Transistorized ignition by Lucas is used on the BRM and Coventry Climax engines, triggered magnetically by a pickup past which magnets fixed onto the flywheel pass: variable timing has not been found necessary. Ferrari, who uses 2 spark plugs per cylinder, employs 4 contact breakers (in two Marelli distributor units) and 4 coils on his V -8 engine.

Where do we go from here? In 1966 the Grand Prix cars will still be required to burn gas, but can have unsupercharged 3-liter engines, or supercharged 1.5-liter engines, or gas turbines rated according to a rather complex new system. The people who five years ago were shouting that a change from a 2.5-liter to a l.5-liter formula would make racing too expensive are now shouting that the change from a 1.5-liter to a 3-liter formula will make racing too expensive, but other people are saving their breath and making plans.

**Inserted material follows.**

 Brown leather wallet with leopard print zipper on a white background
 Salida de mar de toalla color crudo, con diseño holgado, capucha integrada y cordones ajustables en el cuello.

Which type of engine eventually proves best under the 1966 Formula I could depend quite a lot upon how "Commercial Fuel" is eventually interpreted. The types of gas sold to motorists nowadays are extremely heat-sensitive in their anti-knock quality, and while they suit contemporary production automobiles, they would not be suitable for use in highly supercharged engines. Had alcohol fuel been allowed, a supercharged l.5-liter engine would certainly have been expected to beat an unsupercharged 3-liter: if military aviation fuel is allowed, the supercharged engine may yet be competitive: at the moment, however, designers are coming to the view that an unsupercharged 3-liter engine offers the prospect of more power and longer range on a tank of gas.

One trick which might help the supercharged engine would be to meter water from separate tanks into the fuel/ air mixture entering the engine, as an internal coolant and anti­knock additive. Provided neither alcohol, anti-freeze, nor anything else inflammable was mixed with the water, it could hardly be counted as a fuel, and water injection can permit a useful increase in the supercharger pressure usable without an engine detonating itself to pieces. Doing this would, of course, mean carrying more weight in the car.

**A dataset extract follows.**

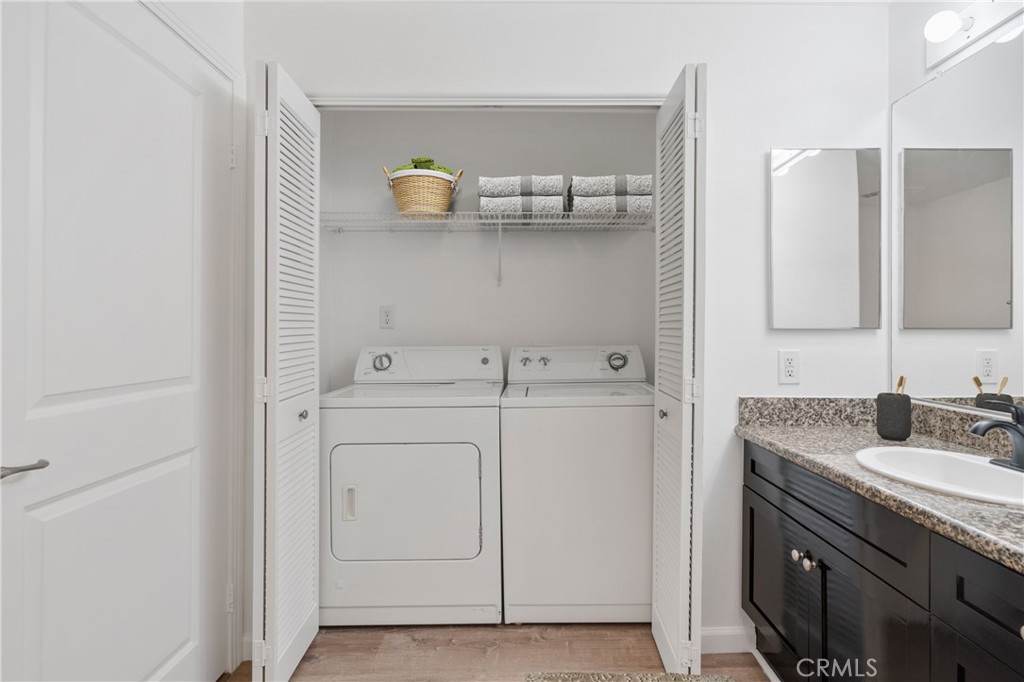 100 South Alameda Street, Unit 213 Los Angeles, CA 90012 - Photo 8 of 41 a bathroom with a sink and a mirror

Gas turbine cars are another possibility, and a good deal depends on whether any company sees commercial advantages in sponsoring the development of a gas turbine Grand Prix car. A formula for rating gas turbines in comparison with piston engines, based on the area of gas flow at the turbine inlet nozzles and the attainable output pressures with various designs of compressor, has now been laid down by the FIA on the basis of proposals by BRM and Rover engineers. These latter gentlemen seem perhaps to have been rather too honest in admitting what their gas turbines can do, for the new type of engine to get a very favorable rating. I am sure a fast and responsive turbine-engined Grand Prix car could be built, if silence and fuel economy were sacrificed by governing the gas generator to run always at full speed, and opening a "waste gate" to by-pass the power turbine when thrust was not wanted.

At this moment, it would seem pretty certain that BRM, Ferrari, and Honda will be racing from the start of the new Formula I in 1966. Coventry Climax seems determined to take a rest from racing engine construction, perhaps because parent company Jaguar needs work on a new production engine hustled forward, so Lotus will probably have engines bought from BRM if Ford does not produce them something; and Cooper, who has just found fresh financial backing, may be having engines built by Maserati.

To make use of doubled power, a lot of thought is being given to the attractions of 4-wheel-drive, which by giving improved acceleration from slow turns and faster cornering may justify the extra weight and frontal area which its use involves. That, however, is another story!

The 1965 season, though the last, promises even further development of the 1.5-liter engine.